“G8, PROCESSO AL PROCESSO” QUEI PICCHIATORI MAI CERCATI
La voce degli agenti condannati al processo per i fatti della scuola Diaz di Genova. Un libro mette in dubbio le verità della sentenza e sottolinea che i responsabili dei pestaggi non sono mai stati nemmeno cercati. E’ la prima indagine mai pubblicata su un intero reparto di polizia
La sera del 21 luglio 2001, il sovrintendente L., appena entrato nella scuola Diaz, si intromise fra un agente e una ragazza che stava subendo le sue manganellate. Si beccò due bastonate ma riuscì a proteggere la giovane, terrorizzata. In tribunale, sia lei, sia gli astanti, testimoniarono il fatto. L’ispettore Angelo Cenni si avviò verso lo scantinato, qui notò che tutte le porte erano chiuse col lucchetto. Lo scrisse sulla sua relazione, una testimonianza riconosciuta dal Tribunale come importante. Era la prova della montatura poliziesca contro gli occupanti, accusati di avere rotto i lucchetti e di essersi impossessati di materiale edile ivi racchiuso, a scopo aggressivo.

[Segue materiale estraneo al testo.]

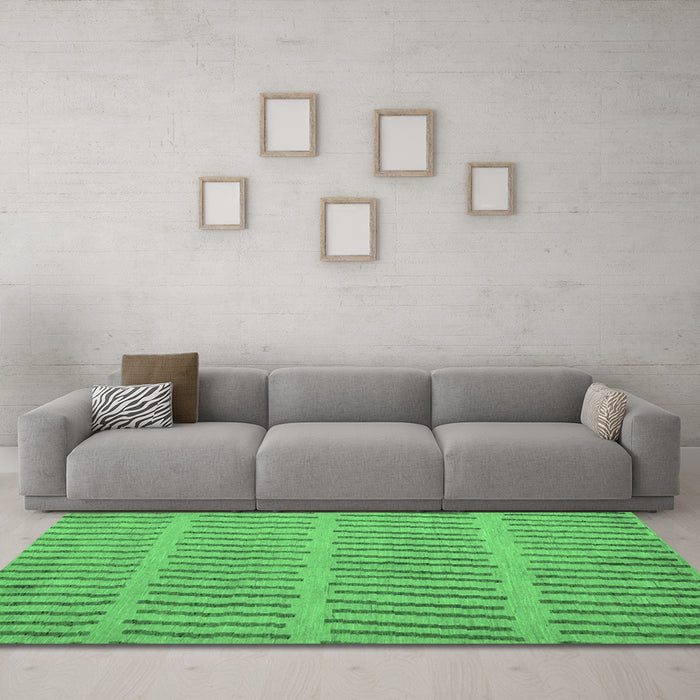 Machine Washable Solid Emerald Green Modern Area Rugs in a Living Room,, wshabs5440emgrn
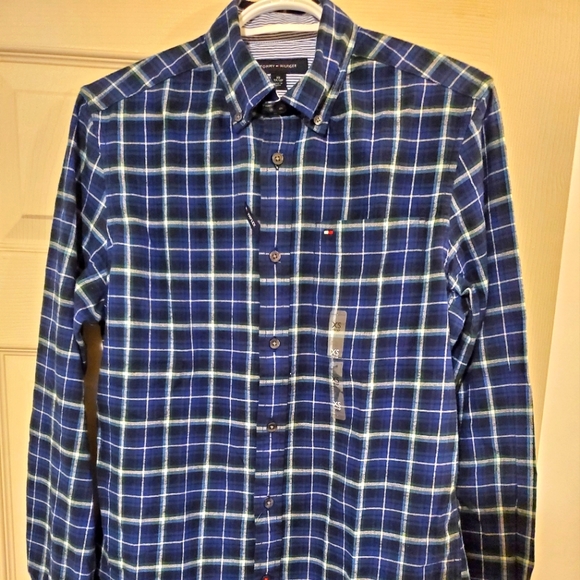 (SOLD) Tommy Hilfiger Men's Casual Dress Shirt - Picture 1 of 4
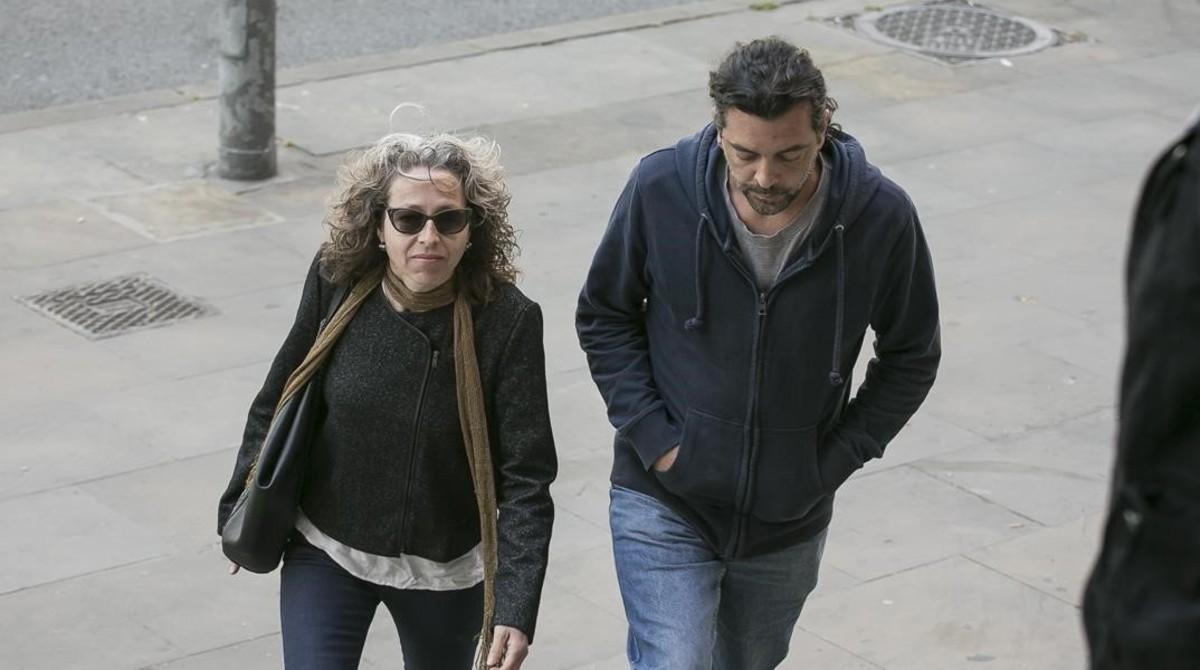 Ester Quintana, con un acompañante, a su llegada al juicio en la Audiencia de Barcelona.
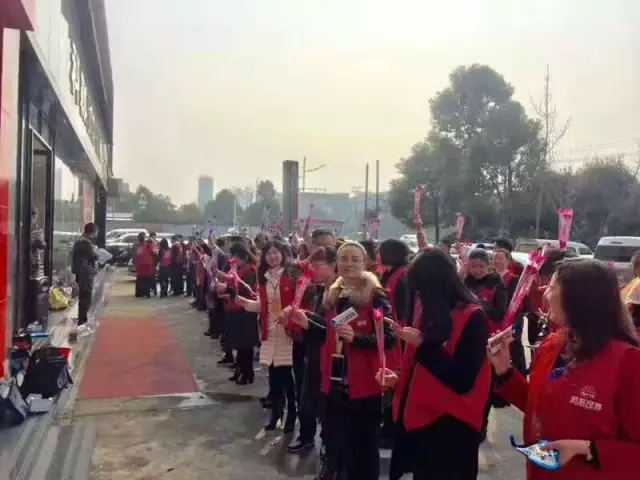 熱烈祝賀亮閣門窗益陽專賣店聯盟活動61單完美落地！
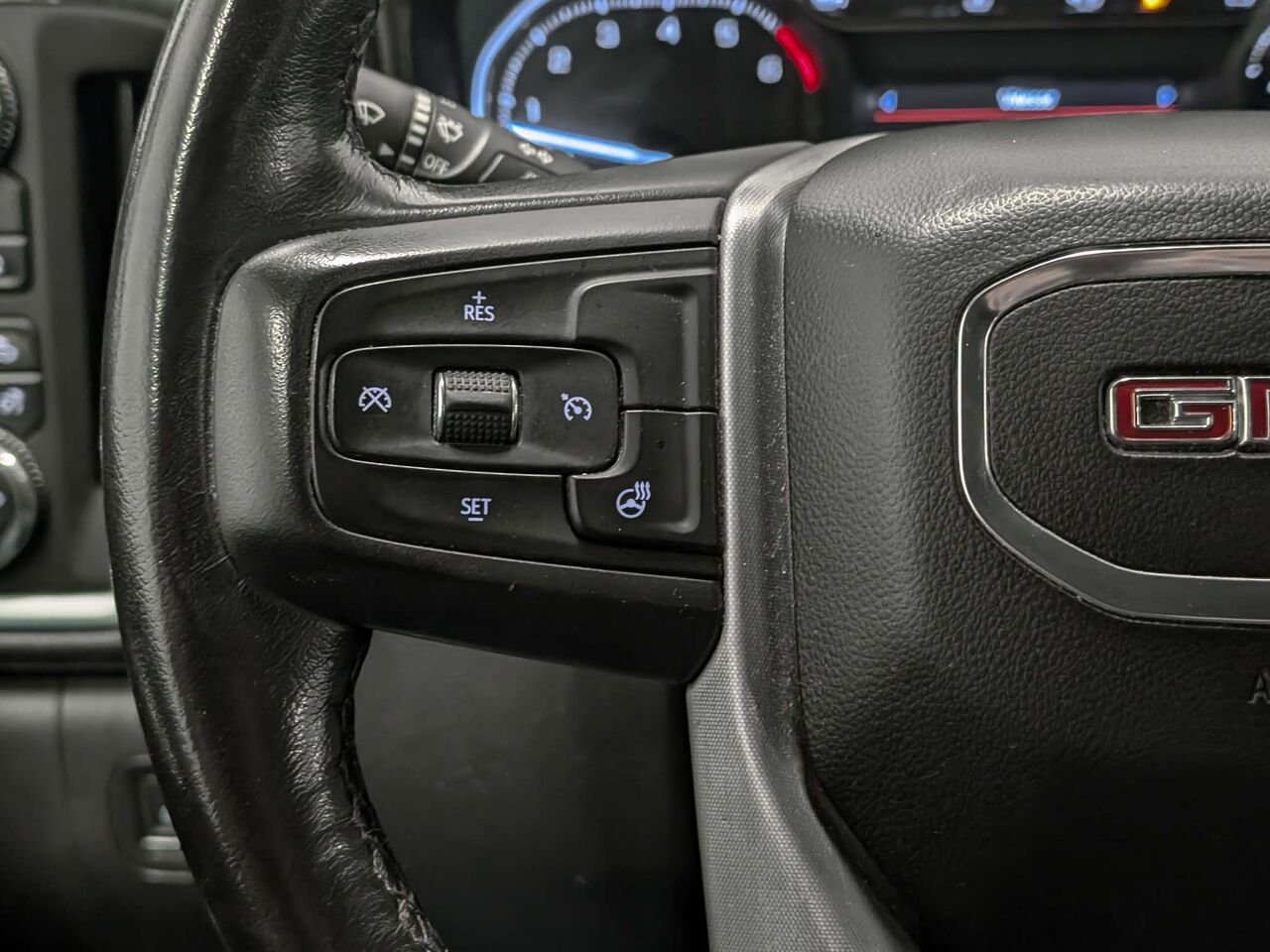 GMC Sierra 1500 4WD Crew Cab elevation Moteur 5.3L 2021 Noir Sherbrooke - photo #13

L’ispettore Panzieri e l’agente N. costretti a firmare il falso verbale degli arresti nonostante i ripetuti dinieghi, per conto dell’intero reparto di cui non erano responsabili: citati come testimoni, subiscono una condanna per falso, senza processo. Sono alcuni degli episodi riconducibili ai sette capisquadra del VII Nucleo passati incredibilmente come aggressori, protagonisti delle violenze arrecate agli occupanti.
La verità è diversa
A quasi 20 anni esatti (19 per la precisione), dai fatti della scuola “Diaz” durante il G8 di Genova, esce “G8, processo processo”, un pamphlet che riaggiusta le cose da dire sulla vicenda. E’ forse la prima inchiesta giornalistica mai condotta su un intero reparto specializzato di polizia. Sotto esame il disciolto VII Nucleo sperimentale del Primo reparto mobile di Roma. Il VII Nucleo tentò di opporsi in tutte le maniere al blitz, sapeva perfettamente, per ragioni di preparazione professionale, che nella scuola non c’erano black bloc da acciuffare, come fu loro detto.
colpevoli mai cercati
Delle altre centinaia di agenti col volto coperto, non uno è stato individuato, fra chi ha davvero alzato le mani, mandando all’ospedale un’ottantina di attivisti sui 93 presenti. Lo ammette lo stesso Pm. Ma è vero che non poterono essere identificati? A tale proposito, la risposta fornita da “G8, processo al processo – Indagine su sette capisquadra di polizia travolti da errori commessi dalla Giustizia”, è netta: le indagini non furono adeguate. I sette capisquadra condannati a varie pene sono perciò a tutti gli effetti dei capri espiatori. Un lavoro difficile, quindi, per più motivi, per esempio perché diversi agenti non possono parlare, ma soprattutto controcorrente rispetto a un’opinione pubblica e una che non ha voglia di mettere in discussione quelle che sembravano delle pacifiche certezze.